What is it with this list that people can't reply without being rude? Is it the phase of the moon or something? OK, so we can rule out brute force, as storing every prime that's possible with 512bit keys isn't possible in this universe. Anyway, to quote RSA Laboratories:

"The RSA algorithm works as follows: take two large primes, p and q, and compute their product n = pq; n is called the modulus. Choose a number, e, less than n and relatively prime to (p-1)(q-1), which means e and (p-1)(q-1) have no common factors except 1. Find another number d such that (ed - 1) is divisible by (p-1)(q-1). The values e and d are called the public and private exponents, respectively. The public key is the pair (n, e); the private key is (n, d). The factors p and q may be destroyed or kept with the private key.
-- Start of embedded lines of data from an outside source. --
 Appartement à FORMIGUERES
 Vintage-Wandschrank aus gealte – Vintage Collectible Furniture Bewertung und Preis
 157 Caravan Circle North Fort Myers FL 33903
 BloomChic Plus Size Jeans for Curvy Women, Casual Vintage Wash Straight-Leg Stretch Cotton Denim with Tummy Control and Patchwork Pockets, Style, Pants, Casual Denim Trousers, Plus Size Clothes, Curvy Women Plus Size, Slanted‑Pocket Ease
It is currently difficult to obtain the private key d from the public key (n, e). However if one could factor n into p and q, then one could obtain the private key d. Thus the security of the RSA system is based on the assumption that factoring is difficult" (http://www.rsasecurity.com/rsalabs/node.asp?id=2214)
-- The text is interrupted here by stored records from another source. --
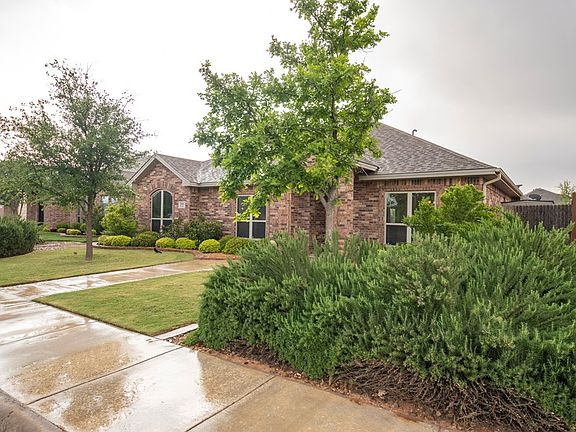 3rd image of 5909 Frio Dr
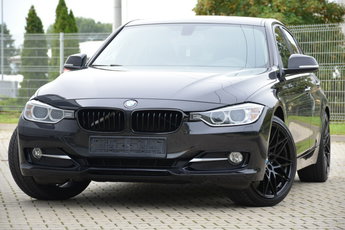 BMW 320 Czarna 320i ED 170KM Opłacona Bi-xenon Skóra Navi Grz.fotele Sport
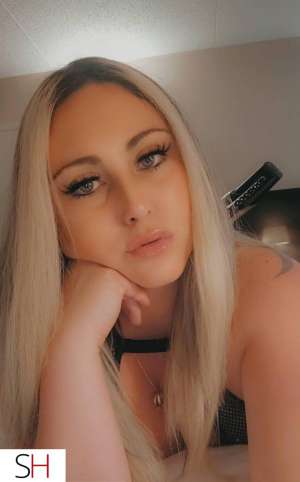 28 year old Caucasian Escort in Laval Exceptionnellement en ville ce soir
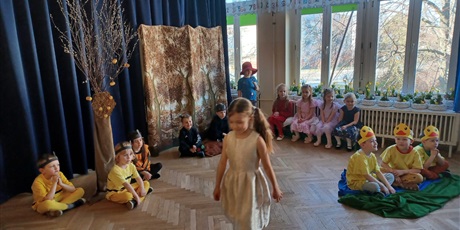 Powiększ grafikę: Przestawienie dla rodziców ,,Szewczyk Dratewka''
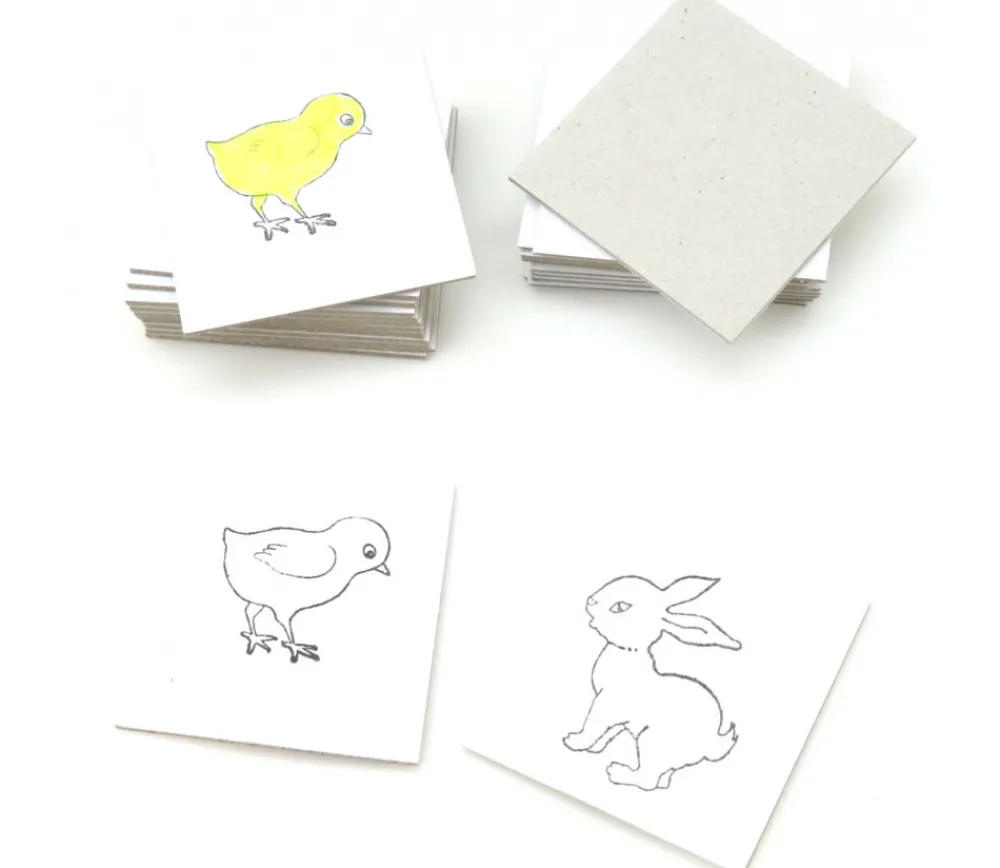 Tout Pour le Jeu Kit Jeu mémo à personnaliser : Boite + 24 carrés 4 x 4 cm + 48 étiquettes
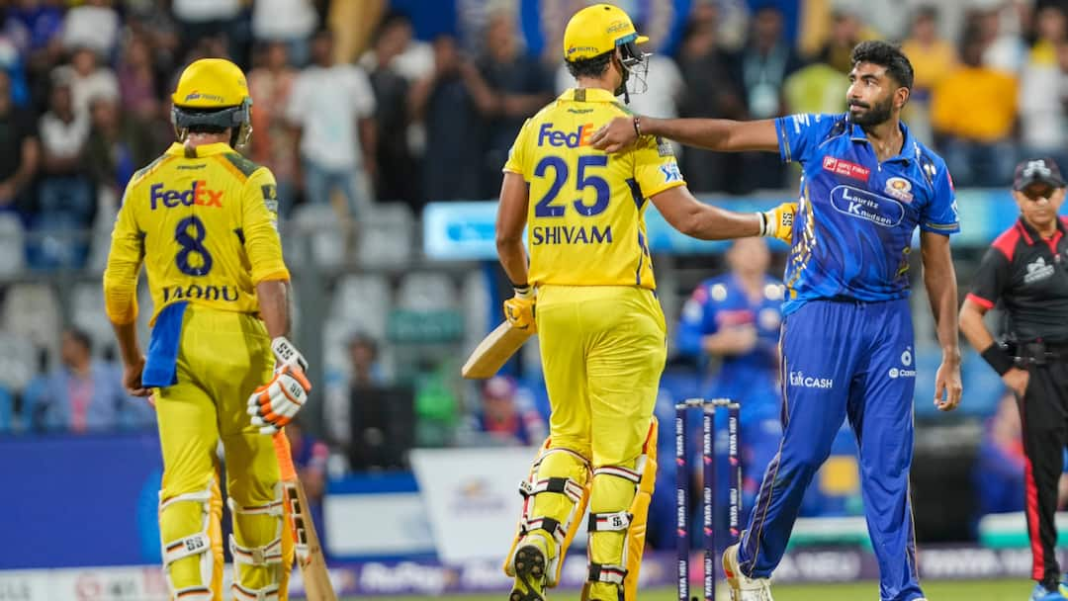 आईपीएल 2026 नियम 4.4 की व्याख्या: बीसीसीआई ने विवादास्पद बॉल-चेंज नियम को क्यों बरकरार रखा
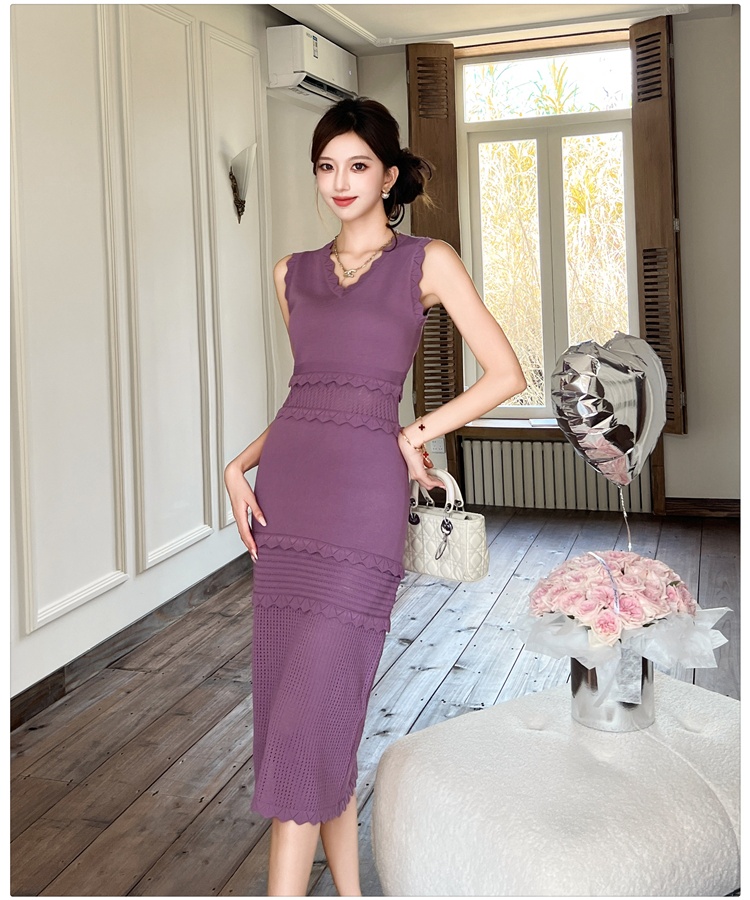 Summer V-neck knitted sleeveless dress show young sleeveless dress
Therefore my point still stands that if someone does possess a mathematical solution to the above, then all bets are off.
(Whoever it was who disagreed about my statements on encryption, please remember the context of the thread is about SSL security, not one-time keys).

Getting back to the original question, you can't discover if someone is sending RPC over https unless you have a solution to the RSA hard problem above. Nor is it a major security issue if someone is using RPC over https either, unless there are flaws in the implementation of SSL or RPC that could be exploited by someone else.
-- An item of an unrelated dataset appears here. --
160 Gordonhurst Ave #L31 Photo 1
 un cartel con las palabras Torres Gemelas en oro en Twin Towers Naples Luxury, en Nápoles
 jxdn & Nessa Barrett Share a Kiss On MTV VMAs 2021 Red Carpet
This is my last post on the matter which is solely for the purpose of making at least one post in this thread sensible and useful for future readers of the archive. All future abusive emails on my mathematical abilities will be deleted without response.

-- 
John Airey, BSc (Jt Hons), CNA, RHCE
Internet systems support officer, ITCSD, Royal National Institute of the Blind,
Bakewell Road, Peterborough PE2 6XU,
Tel.: +44 (0) 1733 375299 Fax: +44 (0) 1733 370848 John.Airey@...b.org.uk 

Tag line temporarily removed due to several people being unable and/or unwilling to comprehend what I'm talking about.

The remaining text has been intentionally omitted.